| Your assignment |
Quote the entries below from the line with "Group of pre" through the line with "May include: A collection", both ends included, and only those lines.

"""

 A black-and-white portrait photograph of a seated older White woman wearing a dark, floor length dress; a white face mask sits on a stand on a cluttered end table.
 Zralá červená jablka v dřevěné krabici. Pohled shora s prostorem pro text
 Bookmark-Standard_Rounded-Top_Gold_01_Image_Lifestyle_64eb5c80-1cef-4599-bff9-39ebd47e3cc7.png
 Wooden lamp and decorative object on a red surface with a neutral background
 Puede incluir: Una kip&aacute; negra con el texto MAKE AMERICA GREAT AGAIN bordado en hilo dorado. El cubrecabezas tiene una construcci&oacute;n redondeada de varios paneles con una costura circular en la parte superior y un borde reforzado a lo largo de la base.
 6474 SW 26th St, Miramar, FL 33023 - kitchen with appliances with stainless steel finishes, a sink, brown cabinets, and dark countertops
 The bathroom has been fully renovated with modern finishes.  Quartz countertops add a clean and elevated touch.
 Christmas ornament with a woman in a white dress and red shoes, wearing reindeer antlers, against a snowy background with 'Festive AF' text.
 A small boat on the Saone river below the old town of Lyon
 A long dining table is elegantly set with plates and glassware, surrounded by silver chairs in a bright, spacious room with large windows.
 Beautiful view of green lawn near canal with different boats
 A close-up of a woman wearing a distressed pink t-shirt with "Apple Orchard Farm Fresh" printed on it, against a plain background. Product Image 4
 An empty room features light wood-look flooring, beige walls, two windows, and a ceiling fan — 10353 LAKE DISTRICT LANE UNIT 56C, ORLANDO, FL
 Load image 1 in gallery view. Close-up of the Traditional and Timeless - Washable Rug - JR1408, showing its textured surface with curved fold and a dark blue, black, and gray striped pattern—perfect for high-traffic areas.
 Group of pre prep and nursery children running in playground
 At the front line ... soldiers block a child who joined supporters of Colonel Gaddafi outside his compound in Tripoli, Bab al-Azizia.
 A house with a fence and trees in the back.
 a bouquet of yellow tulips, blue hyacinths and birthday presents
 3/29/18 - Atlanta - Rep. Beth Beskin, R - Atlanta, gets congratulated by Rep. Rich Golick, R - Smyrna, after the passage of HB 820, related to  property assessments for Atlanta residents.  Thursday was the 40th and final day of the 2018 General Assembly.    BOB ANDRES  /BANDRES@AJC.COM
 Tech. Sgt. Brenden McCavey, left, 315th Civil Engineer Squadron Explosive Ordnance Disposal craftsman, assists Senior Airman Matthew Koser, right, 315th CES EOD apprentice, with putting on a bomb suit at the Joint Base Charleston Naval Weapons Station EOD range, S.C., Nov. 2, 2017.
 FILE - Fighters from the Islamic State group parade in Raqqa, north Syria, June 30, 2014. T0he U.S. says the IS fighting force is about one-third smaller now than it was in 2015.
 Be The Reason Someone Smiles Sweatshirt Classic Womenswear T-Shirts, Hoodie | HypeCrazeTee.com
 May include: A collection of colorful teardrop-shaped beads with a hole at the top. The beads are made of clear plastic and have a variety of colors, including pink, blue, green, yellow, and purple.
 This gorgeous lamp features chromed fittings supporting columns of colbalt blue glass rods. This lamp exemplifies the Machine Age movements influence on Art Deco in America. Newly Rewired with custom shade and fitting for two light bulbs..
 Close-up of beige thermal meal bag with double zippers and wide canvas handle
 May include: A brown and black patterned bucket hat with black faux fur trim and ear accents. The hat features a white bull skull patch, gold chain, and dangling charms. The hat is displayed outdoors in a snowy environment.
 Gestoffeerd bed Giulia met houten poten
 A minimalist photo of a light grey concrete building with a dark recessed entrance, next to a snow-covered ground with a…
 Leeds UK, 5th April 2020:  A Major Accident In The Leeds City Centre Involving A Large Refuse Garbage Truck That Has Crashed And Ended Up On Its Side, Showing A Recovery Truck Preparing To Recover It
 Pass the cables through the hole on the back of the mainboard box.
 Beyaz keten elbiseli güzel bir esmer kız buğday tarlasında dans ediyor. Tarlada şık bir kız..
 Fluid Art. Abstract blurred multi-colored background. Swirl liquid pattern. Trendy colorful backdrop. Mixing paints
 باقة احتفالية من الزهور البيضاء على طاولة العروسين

"""

| Task response |
 Group of pre prep and nursery children running in playground
 At the front line ... soldiers block a child who joined supporters of Colonel Gaddafi outside his compound in Tripoli, Bab al-Azizia.
 A house with a fence and trees in the back.
 a bouquet of yellow tulips, blue hyacinths and birthday presents
 3/29/18 - Atlanta - Rep. Beth Beskin, R - Atlanta, gets congratulated by Rep. Rich Golick, R - Smyrna, after the passage of HB 820, related to  property assessments for Atlanta residents.  Thursday was the 40th and final day of the 2018 General Assembly.    BOB ANDRES  /BANDRES@AJC.COM
 Tech. Sgt. Brenden McCavey, left, 315th Civil Engineer Squadron Explosive Ordnance Disposal craftsman, assists Senior Airman Matthew Koser, right, 315th CES EOD apprentice, with putting on a bomb suit at the Joint Base Charleston Naval Weapons Station EOD range, S.C., Nov. 2, 2017.
 FILE - Fighters from the Islamic State group parade in Raqqa, north Syria, June 30, 2014. T0he U.S. says the IS fighting force is about one-third smaller now than it was in 2015.
 Be The Reason Someone Smiles Sweatshirt Classic Womenswear T-Shirts, Hoodie | HypeCrazeTee.com
 May include: A collection of colorful teardrop-shaped beads with a hole at the top. The beads are made of clear plastic and have a variety of colors, including pink, blue, green, yellow, and purple.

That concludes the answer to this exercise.